Builder, Pro, and Enterprise session users can download from the dashboard. A bearer key must be scoped for Skills Pack downloads — general scan/report API keys will not work here.
Response
Returns Content-Type: application/zip with the latest Skills Pack archive as an attachment.
Errors
401 — Missing, invalid, or wrong-scope API key when no valid session exists
403 — Logged-in user is on a plan below Builder
404 — Latest Skills Pack zip is unavailable on the server
Example
curl -sL -H "Authorization: Bearer $SKILLS_PACK_API_KEY" \ "https://shipcheckhq.com/api/v1/skills-pack/download" -o skills-pack-latest.zip
/api/v1/skills-pack/check
Public — no authentication required
Check whether the installed Skills Pack version is up to date. Returns the latest available version, release date, and a changelog of all versions newer than the installed one. This endpoint is designed for AI coding agents to call programmatically.
Query Parameters
| Parameter | Type | Required | Description |
|---|---|---|---|
| version | string | Yes | The currently installed Skills Pack version (e.g. "2.0.0-v9"). Use "0.0.0" to get all versions. |
Response
200 OK
{
"installed": "2.0.0-v8",
"latest": "2.0.0-v9",
"updateAvailable": true,
"released": "2026-03-01",
"url": "https://shipcheckhq.com/skills-pack",
"changelog": [
{
"version": "2.0.0-v9",
"date": "2026-03-01",
"highlights": [
"Runtime-agnostic deploy script",
"Skills Pack version check API"
]
}
]
}Errors
400 — Missing required query parameter: version
Example
curl -s "https://shipcheckhq.com/api/v1/skills-pack/check?version=2.0.0-v8"
Error Codes
All error responses return a JSON object with an error field describing the issue.
| Status | Meaning |
|---|---|
| 400 | Bad request — missing or invalid parameters |
| 401 | Unauthorized — missing or invalid API key |
| 403 | Forbidden — resource belongs to another user, or plan restriction |
| 404 | Not found — resource does not exist |
| 409 | Conflict — scan is not yet complete (for /report and /export/ai) |
| 429 | Rate limited — monthly scan quota exceeded |
Error response format
{
"error": "Description of what went wrong"
}Rate Limits
Scan creation is limited by your plan tier. These limits apply per calendar month.

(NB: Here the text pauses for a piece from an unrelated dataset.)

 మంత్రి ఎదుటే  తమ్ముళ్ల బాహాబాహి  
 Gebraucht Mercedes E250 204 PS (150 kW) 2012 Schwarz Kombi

| Plan | Scans / Month | API Access |
|---|---|---|
| Free | 5 | No |
| Builder | 30 | No |
| Pro | Unlimited | Yes |
Read-only endpoints (list sites, list scans, report, export, wait) are not rate-limited beyond standard infrastructure protections.
Scan Modes
STARTER
Passive security checks — header analysis, transport security, cookie configuration, SEO, and performance. Available on all plans. Completes in under a minute.
DEEP
Everything in STARTER plus active security testing — authentication probing, payment flow analysis, database version posture, and broader crawling. Requires Builder plan or higher. Takes 2–5 minutes depending on site size.